NumPy itself does not have plotting functions. However, you can use NumPy in conjunction with Matplotlib, in order to create various different types of plots. For example, you can create data with the help of NumPy and then use Matplotlib to make interesting plots.
Example:
import numpy as np
import matplotlib.pyplot as plt
x = np.linspace(0, 10, 100)
y = np.sin(x)
plt.plot(x, y)
plt.title("Sine Wave")
plt.show()
Here, NumPy generates the data, while Matplotlib handles the plotting. This combination is widely used in data visualisation tasks.
32. How do you concatenate 2 NumPy arrays?
Example:
import numpy as np
arr1 = np.array([1, 2])
arr2 = np.array([3, 4])
result = np.concatenate((arr1, arr2))
print(result) # Output: [1 2 3 4]
For multidimensional arrays:
matrix1 = np.array([[1, 2]])
matrix2 = np.array([[3, 4]])
result = np.concatenate((matrix1, matrix2), axis=0)
print(result)
33. How do you multiply 2 NumPy array matrices?
Matrix multiplication is performed using np.matmul() or the @ operator.
Example:
import numpy as np
matrix1 = np.array([[1, 2], [3, 4]])
matrix2 = np.array([[5, 6], [7, 8]])
result = np.matmul(matrix1, matrix2)
print(result)
This calculates the dot product of rows and columns.

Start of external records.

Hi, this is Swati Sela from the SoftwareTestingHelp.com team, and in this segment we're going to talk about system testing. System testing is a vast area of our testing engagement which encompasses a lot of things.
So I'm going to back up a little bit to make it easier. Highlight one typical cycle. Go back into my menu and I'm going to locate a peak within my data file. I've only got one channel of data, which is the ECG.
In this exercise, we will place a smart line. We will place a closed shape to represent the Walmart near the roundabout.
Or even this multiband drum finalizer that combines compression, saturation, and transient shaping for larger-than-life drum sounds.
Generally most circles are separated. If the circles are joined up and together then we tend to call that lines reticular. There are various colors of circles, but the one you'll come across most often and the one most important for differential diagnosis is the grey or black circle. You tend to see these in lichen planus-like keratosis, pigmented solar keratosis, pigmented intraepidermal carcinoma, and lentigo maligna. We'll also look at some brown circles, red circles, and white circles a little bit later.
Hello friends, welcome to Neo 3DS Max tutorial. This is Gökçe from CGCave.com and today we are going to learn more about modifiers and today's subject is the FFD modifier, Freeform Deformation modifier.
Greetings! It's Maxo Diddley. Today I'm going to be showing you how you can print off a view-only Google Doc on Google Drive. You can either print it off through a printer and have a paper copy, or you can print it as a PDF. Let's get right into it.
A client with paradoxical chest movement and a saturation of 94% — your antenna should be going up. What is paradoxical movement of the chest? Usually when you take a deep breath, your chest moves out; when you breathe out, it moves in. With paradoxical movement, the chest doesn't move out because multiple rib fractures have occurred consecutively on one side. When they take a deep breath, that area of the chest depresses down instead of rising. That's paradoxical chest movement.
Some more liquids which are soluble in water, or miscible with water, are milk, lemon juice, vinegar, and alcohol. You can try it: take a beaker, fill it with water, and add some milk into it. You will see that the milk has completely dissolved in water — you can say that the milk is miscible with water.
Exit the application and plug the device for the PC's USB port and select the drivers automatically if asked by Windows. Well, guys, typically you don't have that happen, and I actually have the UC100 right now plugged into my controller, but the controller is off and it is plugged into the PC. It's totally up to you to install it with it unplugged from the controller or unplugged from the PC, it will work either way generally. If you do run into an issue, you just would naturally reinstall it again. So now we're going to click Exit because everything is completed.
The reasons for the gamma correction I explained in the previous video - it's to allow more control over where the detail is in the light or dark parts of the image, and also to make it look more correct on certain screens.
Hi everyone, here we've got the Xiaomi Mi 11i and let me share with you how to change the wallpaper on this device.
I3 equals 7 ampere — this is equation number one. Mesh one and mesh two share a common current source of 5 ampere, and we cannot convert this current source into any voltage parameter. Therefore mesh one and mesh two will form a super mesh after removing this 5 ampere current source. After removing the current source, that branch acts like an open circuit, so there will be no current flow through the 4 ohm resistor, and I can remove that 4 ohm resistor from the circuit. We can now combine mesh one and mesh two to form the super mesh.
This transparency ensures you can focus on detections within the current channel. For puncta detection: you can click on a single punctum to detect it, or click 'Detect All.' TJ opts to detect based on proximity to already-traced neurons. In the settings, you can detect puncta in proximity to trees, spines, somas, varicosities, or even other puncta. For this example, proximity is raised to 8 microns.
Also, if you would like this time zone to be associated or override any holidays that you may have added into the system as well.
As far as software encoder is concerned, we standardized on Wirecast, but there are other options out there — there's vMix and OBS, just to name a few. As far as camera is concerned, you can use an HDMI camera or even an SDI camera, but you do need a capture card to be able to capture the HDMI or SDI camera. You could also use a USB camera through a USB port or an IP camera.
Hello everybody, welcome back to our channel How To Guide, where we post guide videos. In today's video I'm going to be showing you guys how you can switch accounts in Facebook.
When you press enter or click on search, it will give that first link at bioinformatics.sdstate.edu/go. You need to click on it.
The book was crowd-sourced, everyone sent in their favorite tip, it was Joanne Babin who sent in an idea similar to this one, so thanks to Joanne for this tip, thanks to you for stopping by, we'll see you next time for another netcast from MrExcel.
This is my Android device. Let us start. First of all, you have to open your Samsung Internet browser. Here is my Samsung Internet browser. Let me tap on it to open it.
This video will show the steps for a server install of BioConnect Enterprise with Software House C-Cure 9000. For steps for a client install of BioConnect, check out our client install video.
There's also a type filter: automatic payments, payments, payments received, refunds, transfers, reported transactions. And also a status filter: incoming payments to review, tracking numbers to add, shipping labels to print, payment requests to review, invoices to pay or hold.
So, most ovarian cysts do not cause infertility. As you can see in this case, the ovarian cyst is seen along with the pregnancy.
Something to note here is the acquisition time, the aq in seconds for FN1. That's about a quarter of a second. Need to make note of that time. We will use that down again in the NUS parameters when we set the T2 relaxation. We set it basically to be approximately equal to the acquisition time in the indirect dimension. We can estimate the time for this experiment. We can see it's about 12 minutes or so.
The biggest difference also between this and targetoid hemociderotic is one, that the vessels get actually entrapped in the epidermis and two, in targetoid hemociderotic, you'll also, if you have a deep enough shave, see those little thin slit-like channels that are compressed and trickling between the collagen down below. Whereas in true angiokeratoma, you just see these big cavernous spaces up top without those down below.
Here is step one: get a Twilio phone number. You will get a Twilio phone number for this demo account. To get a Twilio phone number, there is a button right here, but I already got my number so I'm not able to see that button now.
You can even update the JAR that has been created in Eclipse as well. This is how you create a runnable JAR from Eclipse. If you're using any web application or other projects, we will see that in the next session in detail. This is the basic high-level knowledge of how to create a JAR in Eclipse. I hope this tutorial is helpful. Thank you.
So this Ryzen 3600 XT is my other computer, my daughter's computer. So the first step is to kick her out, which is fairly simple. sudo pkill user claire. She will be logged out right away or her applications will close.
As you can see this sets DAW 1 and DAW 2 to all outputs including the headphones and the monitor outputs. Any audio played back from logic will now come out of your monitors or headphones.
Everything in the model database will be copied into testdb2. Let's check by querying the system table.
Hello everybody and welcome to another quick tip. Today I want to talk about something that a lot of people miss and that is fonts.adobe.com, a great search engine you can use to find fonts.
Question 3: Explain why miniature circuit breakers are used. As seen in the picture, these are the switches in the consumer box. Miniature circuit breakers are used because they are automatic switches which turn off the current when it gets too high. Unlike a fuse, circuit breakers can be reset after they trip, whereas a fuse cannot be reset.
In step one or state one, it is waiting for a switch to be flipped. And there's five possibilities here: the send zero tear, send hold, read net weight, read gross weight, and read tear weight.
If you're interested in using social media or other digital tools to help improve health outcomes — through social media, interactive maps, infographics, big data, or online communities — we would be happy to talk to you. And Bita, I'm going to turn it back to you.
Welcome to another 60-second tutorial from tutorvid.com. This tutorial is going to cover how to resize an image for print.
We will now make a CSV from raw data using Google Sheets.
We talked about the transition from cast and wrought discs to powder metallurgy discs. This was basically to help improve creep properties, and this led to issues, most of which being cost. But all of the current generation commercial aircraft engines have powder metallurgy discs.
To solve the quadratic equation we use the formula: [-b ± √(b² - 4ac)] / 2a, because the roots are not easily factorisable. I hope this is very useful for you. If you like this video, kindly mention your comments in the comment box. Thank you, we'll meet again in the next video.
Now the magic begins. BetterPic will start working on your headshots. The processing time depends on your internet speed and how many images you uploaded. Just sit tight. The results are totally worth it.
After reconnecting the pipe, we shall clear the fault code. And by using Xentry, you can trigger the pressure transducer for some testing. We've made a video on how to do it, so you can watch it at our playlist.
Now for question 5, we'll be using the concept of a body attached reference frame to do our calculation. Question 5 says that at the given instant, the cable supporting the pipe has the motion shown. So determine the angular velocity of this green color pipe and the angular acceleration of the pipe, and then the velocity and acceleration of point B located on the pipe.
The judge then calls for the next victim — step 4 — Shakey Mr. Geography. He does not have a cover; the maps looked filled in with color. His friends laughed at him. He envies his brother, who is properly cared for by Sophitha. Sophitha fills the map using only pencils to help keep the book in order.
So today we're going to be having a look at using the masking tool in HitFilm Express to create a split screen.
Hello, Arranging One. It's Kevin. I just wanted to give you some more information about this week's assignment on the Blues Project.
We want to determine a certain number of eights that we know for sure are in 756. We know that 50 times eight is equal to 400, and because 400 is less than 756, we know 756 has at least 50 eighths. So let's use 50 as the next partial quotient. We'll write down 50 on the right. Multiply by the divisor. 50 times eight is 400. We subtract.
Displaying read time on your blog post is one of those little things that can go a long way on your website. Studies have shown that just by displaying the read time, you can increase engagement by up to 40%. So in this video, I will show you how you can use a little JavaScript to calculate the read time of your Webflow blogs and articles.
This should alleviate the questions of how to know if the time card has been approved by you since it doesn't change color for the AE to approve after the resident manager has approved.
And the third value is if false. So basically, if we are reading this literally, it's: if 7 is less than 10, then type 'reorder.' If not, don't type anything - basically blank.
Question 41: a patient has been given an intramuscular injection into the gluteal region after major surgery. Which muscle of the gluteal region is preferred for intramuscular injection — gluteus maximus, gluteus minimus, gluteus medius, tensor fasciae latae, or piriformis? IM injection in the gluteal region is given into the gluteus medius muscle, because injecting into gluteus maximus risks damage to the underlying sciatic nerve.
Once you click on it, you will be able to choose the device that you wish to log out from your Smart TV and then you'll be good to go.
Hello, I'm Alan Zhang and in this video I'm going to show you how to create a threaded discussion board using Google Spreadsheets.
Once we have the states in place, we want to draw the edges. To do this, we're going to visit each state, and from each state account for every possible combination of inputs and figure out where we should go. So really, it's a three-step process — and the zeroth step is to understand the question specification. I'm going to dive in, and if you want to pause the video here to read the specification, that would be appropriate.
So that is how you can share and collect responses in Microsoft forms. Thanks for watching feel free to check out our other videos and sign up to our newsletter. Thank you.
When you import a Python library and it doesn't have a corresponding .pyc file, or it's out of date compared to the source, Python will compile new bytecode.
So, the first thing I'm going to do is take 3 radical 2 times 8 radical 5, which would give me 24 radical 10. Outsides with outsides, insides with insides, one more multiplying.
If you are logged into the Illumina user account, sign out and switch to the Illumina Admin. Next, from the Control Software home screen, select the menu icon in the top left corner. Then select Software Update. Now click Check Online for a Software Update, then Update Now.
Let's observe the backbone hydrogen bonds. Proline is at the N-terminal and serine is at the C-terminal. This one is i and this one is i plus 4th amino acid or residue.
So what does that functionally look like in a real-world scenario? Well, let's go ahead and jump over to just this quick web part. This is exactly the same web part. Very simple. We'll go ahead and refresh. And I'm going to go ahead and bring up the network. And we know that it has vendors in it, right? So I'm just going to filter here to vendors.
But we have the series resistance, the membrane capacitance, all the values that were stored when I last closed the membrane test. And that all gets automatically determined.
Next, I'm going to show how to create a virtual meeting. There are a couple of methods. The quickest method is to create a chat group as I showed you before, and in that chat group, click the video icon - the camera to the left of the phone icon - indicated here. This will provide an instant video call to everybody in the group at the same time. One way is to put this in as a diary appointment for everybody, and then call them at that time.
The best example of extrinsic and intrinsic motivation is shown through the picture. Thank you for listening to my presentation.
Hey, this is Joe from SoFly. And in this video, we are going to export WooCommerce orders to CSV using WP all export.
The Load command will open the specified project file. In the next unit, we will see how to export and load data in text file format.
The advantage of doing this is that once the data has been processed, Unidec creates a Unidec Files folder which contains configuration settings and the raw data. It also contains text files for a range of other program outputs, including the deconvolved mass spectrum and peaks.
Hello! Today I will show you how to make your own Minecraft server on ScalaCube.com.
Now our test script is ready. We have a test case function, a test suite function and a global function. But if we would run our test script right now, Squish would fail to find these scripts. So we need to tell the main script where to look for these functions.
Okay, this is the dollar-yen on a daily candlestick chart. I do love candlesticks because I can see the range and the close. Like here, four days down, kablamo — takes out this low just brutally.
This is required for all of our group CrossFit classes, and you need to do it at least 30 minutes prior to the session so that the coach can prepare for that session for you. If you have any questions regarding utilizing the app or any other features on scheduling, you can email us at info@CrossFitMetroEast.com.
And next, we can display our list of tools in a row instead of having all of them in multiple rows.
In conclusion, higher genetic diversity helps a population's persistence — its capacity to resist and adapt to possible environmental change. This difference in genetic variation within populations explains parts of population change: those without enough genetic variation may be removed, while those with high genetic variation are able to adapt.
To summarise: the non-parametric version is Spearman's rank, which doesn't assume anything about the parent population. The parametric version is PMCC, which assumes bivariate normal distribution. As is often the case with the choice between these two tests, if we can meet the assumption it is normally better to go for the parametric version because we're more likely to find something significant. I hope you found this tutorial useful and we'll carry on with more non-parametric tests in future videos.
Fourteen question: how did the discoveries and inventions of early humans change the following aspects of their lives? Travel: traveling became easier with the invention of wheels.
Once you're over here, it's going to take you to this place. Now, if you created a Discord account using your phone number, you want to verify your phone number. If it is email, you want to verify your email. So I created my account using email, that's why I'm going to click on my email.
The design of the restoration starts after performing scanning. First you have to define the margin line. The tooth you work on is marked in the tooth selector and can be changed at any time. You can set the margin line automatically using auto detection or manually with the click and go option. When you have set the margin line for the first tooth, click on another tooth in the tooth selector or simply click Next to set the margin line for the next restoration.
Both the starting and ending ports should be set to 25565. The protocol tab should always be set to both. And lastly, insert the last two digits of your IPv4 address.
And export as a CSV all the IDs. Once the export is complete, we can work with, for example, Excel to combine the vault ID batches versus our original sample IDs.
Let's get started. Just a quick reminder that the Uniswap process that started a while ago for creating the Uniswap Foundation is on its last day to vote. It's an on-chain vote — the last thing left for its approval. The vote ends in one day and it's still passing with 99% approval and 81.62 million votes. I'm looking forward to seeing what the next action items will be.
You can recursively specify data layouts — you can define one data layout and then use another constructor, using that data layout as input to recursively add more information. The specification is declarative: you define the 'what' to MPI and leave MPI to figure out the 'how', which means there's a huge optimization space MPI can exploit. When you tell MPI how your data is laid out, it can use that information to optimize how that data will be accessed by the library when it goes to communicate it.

For element-wise multiplication, use the * operator:
result = matrix1 * matrix2
print(result)
34. What are the differences between structured arrays and record arrays in NumPy?
| Feature | Structured Arrays | Record Arrays |
| Definition | Arrays with complex data types (fields with names) | Subclass of structured arrays with attribute access |
| Access Method | Access fields using indexing (e.g., arr[‘field’]) | Access fields as attributes (e.g., arr.field) |
| Functionality | Suitable for heterogeneous data storage | Enhanced access and usability over structured arrays |
| Creation | np.array([…], dtype=[(‘field1’, type), …]) | arr.view(np.recarray) |
| Use Cases | Storing records with multiple data types | Easier access for data analysis and manipulation |
35. How to reverse a NumPy array?
You can reverse an array using slicing with a step of -1.
Example:
import numpy as np
arr = np.array([10, 20, 30, 40])
reversed_arr = arr[::-1]
print(reversed_arr) # Output: [40 30 20 10]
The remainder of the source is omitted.